I’m left confused because I had been in the frame of mind of teaching, but now I have to figure out what is going on. So, I decide to go back to teaching the class because that’s what I’m expected to do as a student teacher.
After class is done at 11:55, I find that I have five missed calls from Nicole. I call her up and she demands, “Where are you?”
“I’m at Case High School, where we are scheduled to meet.”
“No, we are scheduled to meet at Adonis University.”
“I remember we were sitting in the classroom and you said that the ‘attendance of this meeting is very important,’ and then we agreed to have it in the room next to where I am right now.”
“I specifically remember the opposite.”
“We had scheduled it that way because I have to teach class an hour after we were to first meet.”
There is a slight pause, until she states, “You need to get here.”
“I can’t get to St.
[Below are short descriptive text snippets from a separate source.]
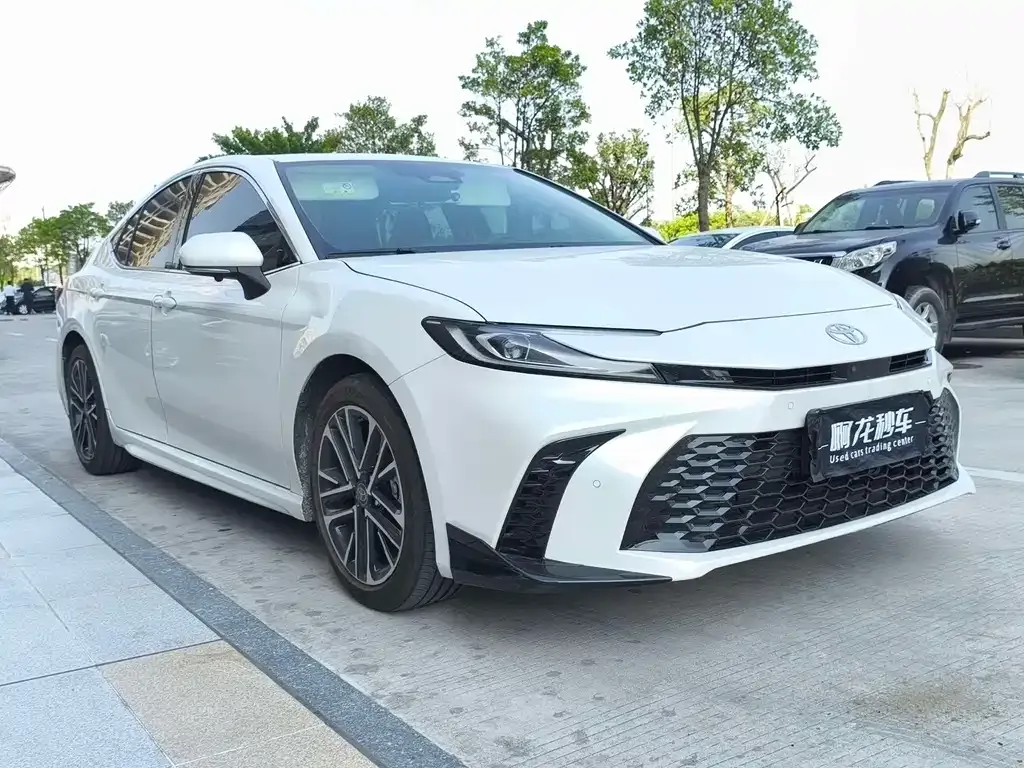 Toyota Camry 2025 из CN, фото 9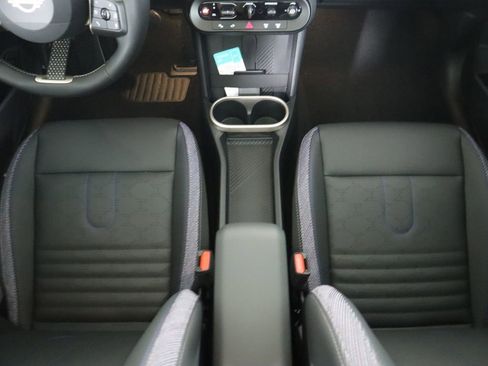 New 2026 MINI Cooper 4-Door Hardtop image 15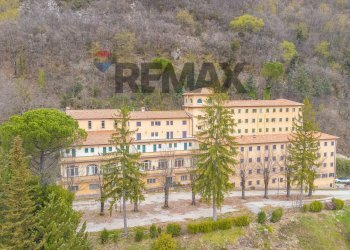 Edificio all\'aperto - Locale Commerciale Greccio - foto 2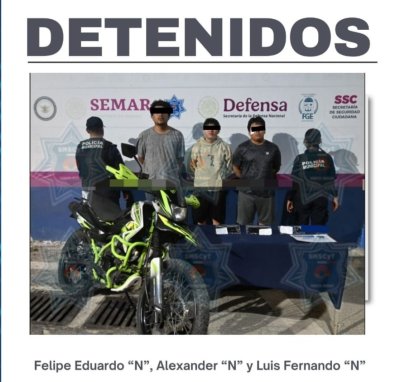 POLICÍA CANCÚN RECUPERA MOTOCICLETA CON REPORTE DE ROBO Y DETIENE A TRES MASCULINOS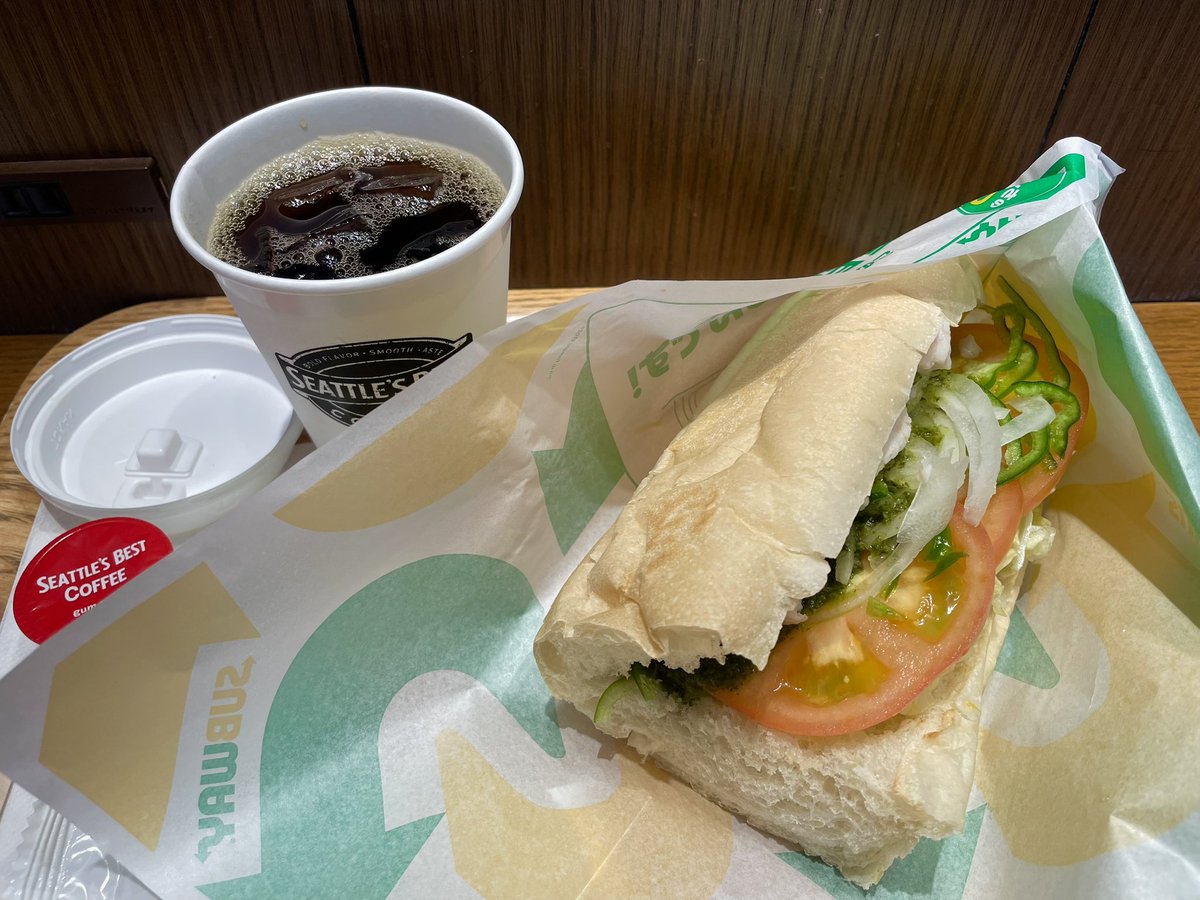 maruhotdog's tweet photo. 昨日までの連勤を終え、
今日から やっとのニ連休。
サラダチキンのサンドで、
プチ打ち上げなんかやっちゃう。
ヘルシーおいしー🥖🍗🥗
#SUBWAY
#六本松 https://t.co/SK3UQo1Tg2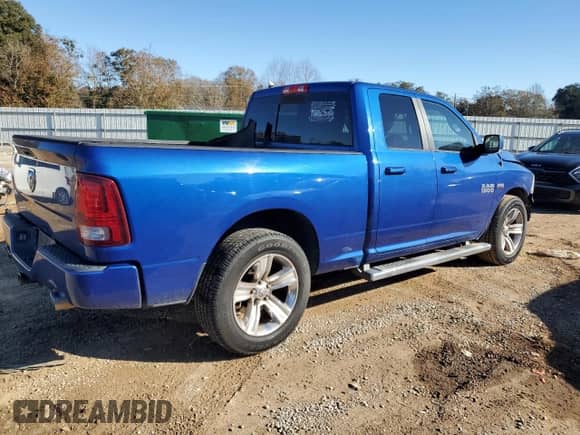 2014 Ram 1500 Sport with VIN 1C6RR6HT1ES333079, listed as a Copart auction lot 89391685 with 141,534 mi miles and Salvage title. Bid and sale history available at DreamBid. Image 3.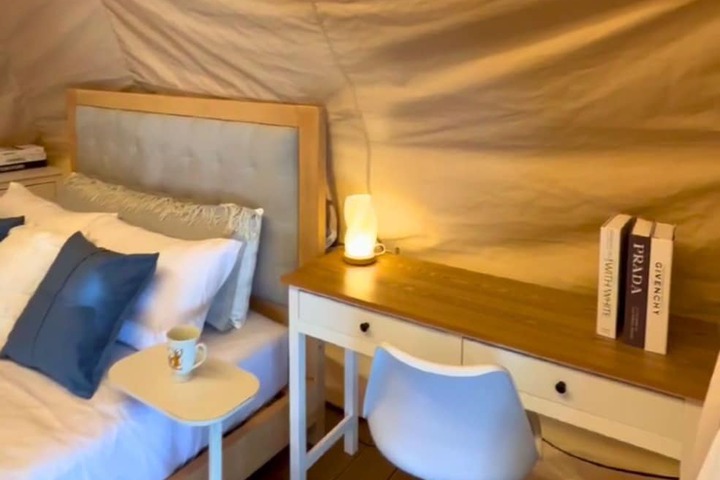 Room 5 of 15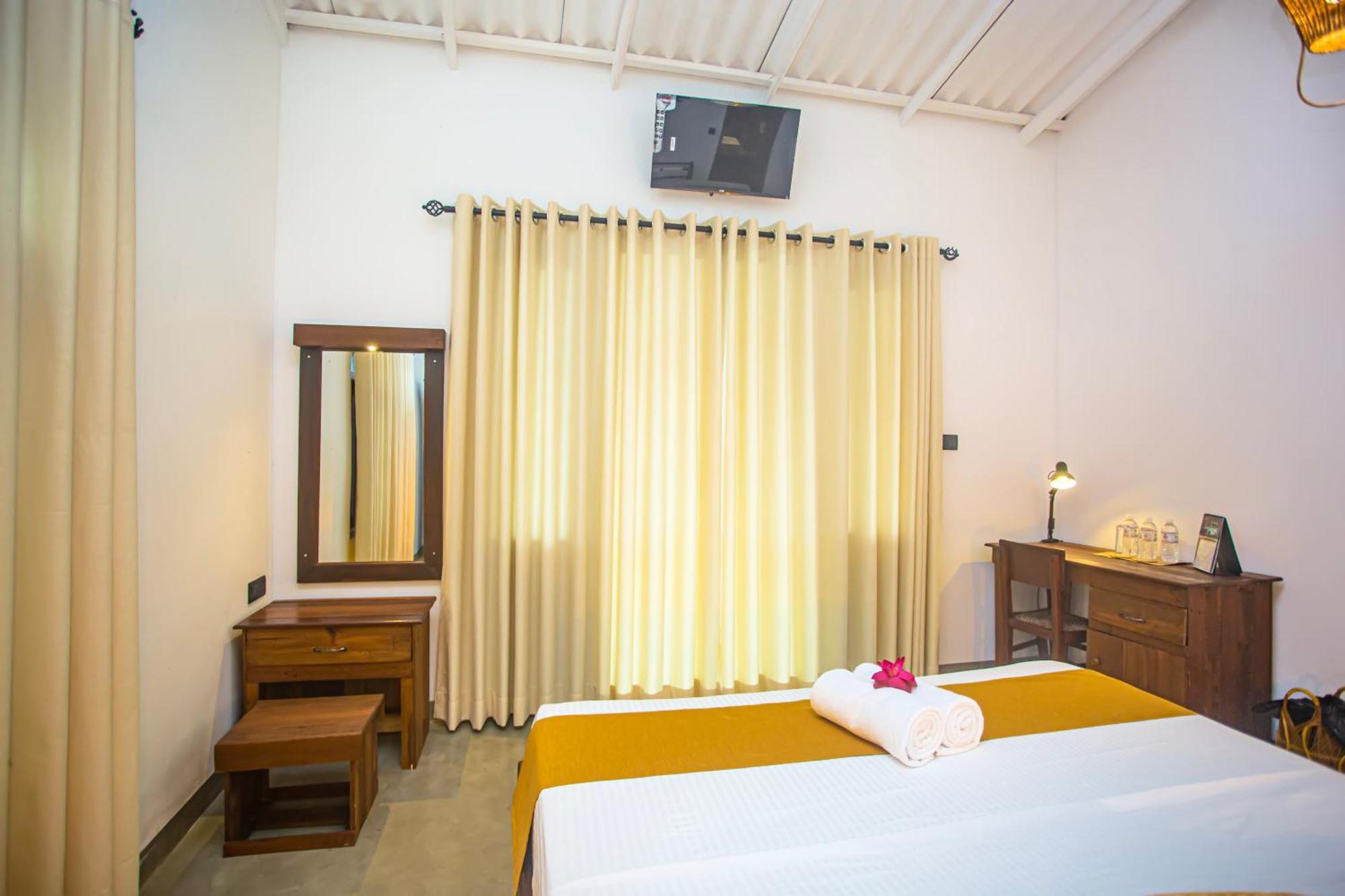 Aki Luna Lagoon Resort Hikkaduwa Esterno foto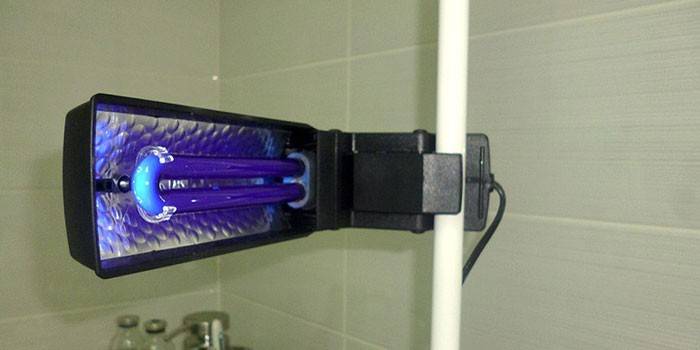 Lampa UV Wooda na statywie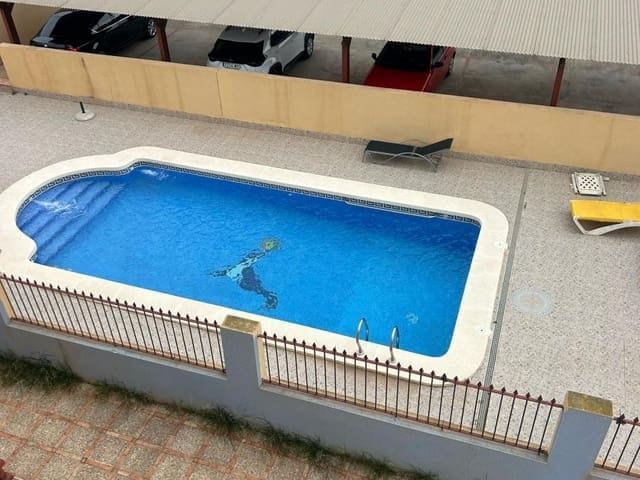 2 sovrum Lägenhet till salu i Torrevieja - 165 000 € (Ref: 9619537)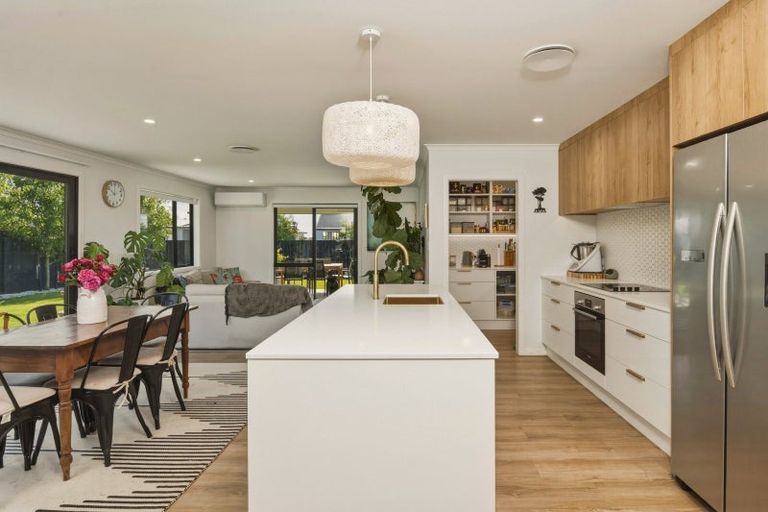 Photo of property in 102 Oakley Avenue, Springlands, Blenheim, 7201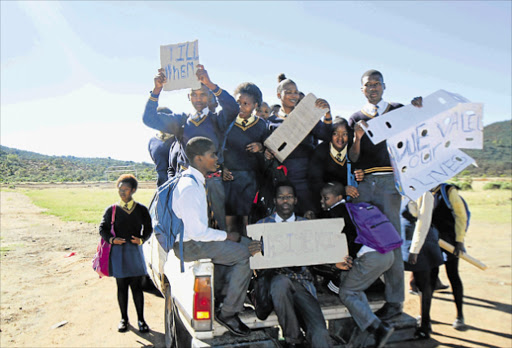 DEFIANT: Ndlovukazi High School and Ndlovukazi Primary pupils protesting in Lesseyton, demanding transport to go to school Picture: TEMBILE SGQOLANA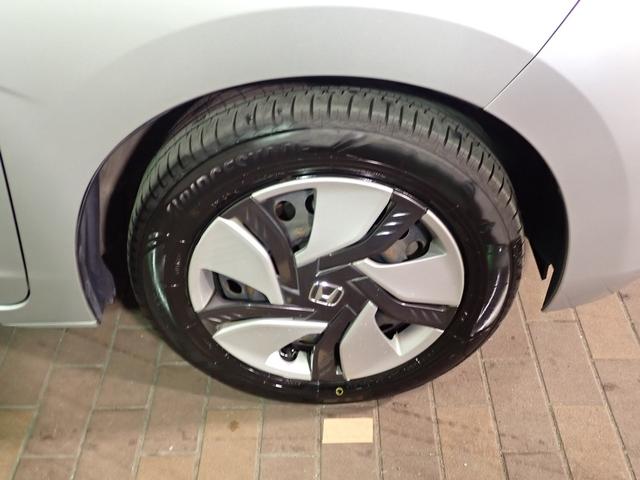 フィットハイブリッド Ｆパッケージ　純正ナビ　バックカメラ　ワンオーナー　安心パッケージ　Ｆパッケージ　インテリキー　プッシュスタート　スペアキー（33枚目）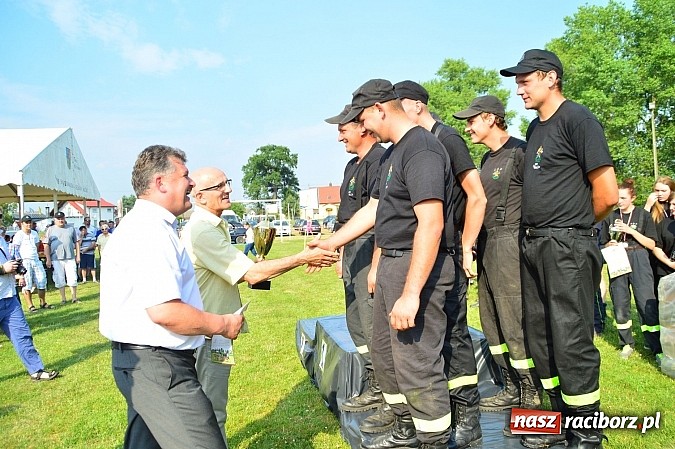 Zdjęcie w galerii na portalu naszraciborz.pl: Przewóz i Zabełków triumfował na Zawodach Sikawek Konnych w Bieńkowicach wiadomości z regionu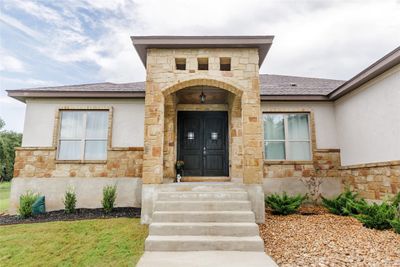 2127 Oakwood Hollow, House other with 4 bedrooms, 2 bathrooms and 6 parking in New Braunfels TX | Image 1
Francis State University because I don’t have a car. It would take one hour just to get to St. Francis State University and I don’t know how long this meeting will take, but if it’s an hour, then that’s two hours, but I have to get back here. By that time, school will be out. Is it possible for you to come here?”
“No, you will come here.”
“My cooperating teacher is expecting me to teach in one hour, due to that fact, I will be unable to make it to campus today. Is it possible to reschedule it for tomorrow?”
“No, we need to do it today.”
“Okay, can we reschedule it for later today once school is done, say around 5?”
“No, because that’s when the celebration party is for student teachers.”
“I don’t know what to say, I’m unable to leave here right now because it would take too long to get there and back and my cooperating teacher is expecting me to teach a class in one hour.”
“So you are saying you aren’t going to do it?”
I reply, exasperated, “That is not at all what I am saying. I am asking for a simple accommodation because I don’t have a car and I am unable to get to campus, meet, and then get back here in the time that I have.”
“Okay, then bye!” With that, she hangs up. I am so frustrated that I can barely breathe. I had tried to set this meeting so I would be able to attend, but she was not accommodating for me at all.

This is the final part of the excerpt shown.